El derecho internacional no puede defenderse con declaraciones de importancia
La incapacidad de los países de América Latina para haber ayudado a resolver la crisis venezolana es una tragedia. Los países amigos de Venezuela y de su pueblo tienen ahora una oportunidad histórica de hacerse presente y levantar un contrapeso a la arbitrariedad norteamericana.
La pasividad de los países pequeños es lo que permite que la arbitrariedad de los poderosos se instale nuevamente, sin mayores frenos en el mundo. Lo mismo, a otra escala, ha sucedido en Ucrania y en Gaza, donde el Estado de Israel anticipó con extrema barbarie el retorno del imperio de la ley del más fuerte. La inmoralidad es la que, interrogada por sus motivos dice: lo hago porque quiero y porque puedo.
El peligro cultural y político de que los medios de comunicación acrediten las justificaciones antojadizas de los actos de matonaje, es que ellas son validadas al ser reproducidas como verosímiles por los medios. Si un país puede atacar a otro, acusándolo por el estado de salud de su pueblo y la prensa avala ese reclamo, lo que hacen los medios, es apoyar la destrucción de las leyes en favor del derecho del más fuerte. Se profundiza así una mirada sobre el derecho internacional como impostura.

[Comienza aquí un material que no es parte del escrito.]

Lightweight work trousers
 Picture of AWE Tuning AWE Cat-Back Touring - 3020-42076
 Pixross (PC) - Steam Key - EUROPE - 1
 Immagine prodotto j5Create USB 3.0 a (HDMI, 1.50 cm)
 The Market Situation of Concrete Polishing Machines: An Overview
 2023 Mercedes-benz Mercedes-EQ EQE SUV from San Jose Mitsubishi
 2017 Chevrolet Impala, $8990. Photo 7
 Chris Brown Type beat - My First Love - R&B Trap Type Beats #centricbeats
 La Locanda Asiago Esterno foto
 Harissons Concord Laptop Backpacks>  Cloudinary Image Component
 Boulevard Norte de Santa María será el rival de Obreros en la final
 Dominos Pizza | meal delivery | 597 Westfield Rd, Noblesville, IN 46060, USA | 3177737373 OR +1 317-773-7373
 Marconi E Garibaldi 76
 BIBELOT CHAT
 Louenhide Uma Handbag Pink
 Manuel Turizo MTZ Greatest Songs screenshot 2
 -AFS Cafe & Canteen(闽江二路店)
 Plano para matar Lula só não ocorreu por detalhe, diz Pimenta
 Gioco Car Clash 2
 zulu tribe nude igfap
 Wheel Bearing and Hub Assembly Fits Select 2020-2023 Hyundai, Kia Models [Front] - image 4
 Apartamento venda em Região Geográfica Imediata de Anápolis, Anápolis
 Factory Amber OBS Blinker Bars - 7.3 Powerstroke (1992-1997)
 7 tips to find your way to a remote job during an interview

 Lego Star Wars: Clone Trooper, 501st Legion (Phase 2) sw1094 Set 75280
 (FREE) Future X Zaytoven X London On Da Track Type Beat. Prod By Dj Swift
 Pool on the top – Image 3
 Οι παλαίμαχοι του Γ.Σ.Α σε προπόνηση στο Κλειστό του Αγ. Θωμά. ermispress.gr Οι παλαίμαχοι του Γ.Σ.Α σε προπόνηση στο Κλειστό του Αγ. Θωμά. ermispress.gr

En el próximo tiempo ¿podemos esperar un bloqueo a Cuba? ¿una operación de castigo a México?
Trump no va a salir indemne de los destrozos de su gobierno
Es imprescindible frenarlo ahora. Estados Unidos no puede intervenir en Venezuela a menos que los venezolanos se lo permitan. En este punto, la preocupación primera y absoluta debe ser la de evitar una guerra civil y en lo posible cualquier forma de enfrentamiento armado. Es necesario apoyar la capacidad de los venezolanos para resolver internamente una transición pacífica a la democracia.
No va a ser fácil. Por una parte, deben ser apartados y juzgados los cabecillas civiles y militares de la usurpación y del régimen dictatorial. Además, se deben desarticular las fuerzas paramilitares inventadas por Maduro y asegurar la profesionalidad de las FFAA. Finalmente y de la mayor relevancia es que se construya un sistema político que permita la incorporación de todos los venezolanos, incluidas las bases chavistas a la participación política.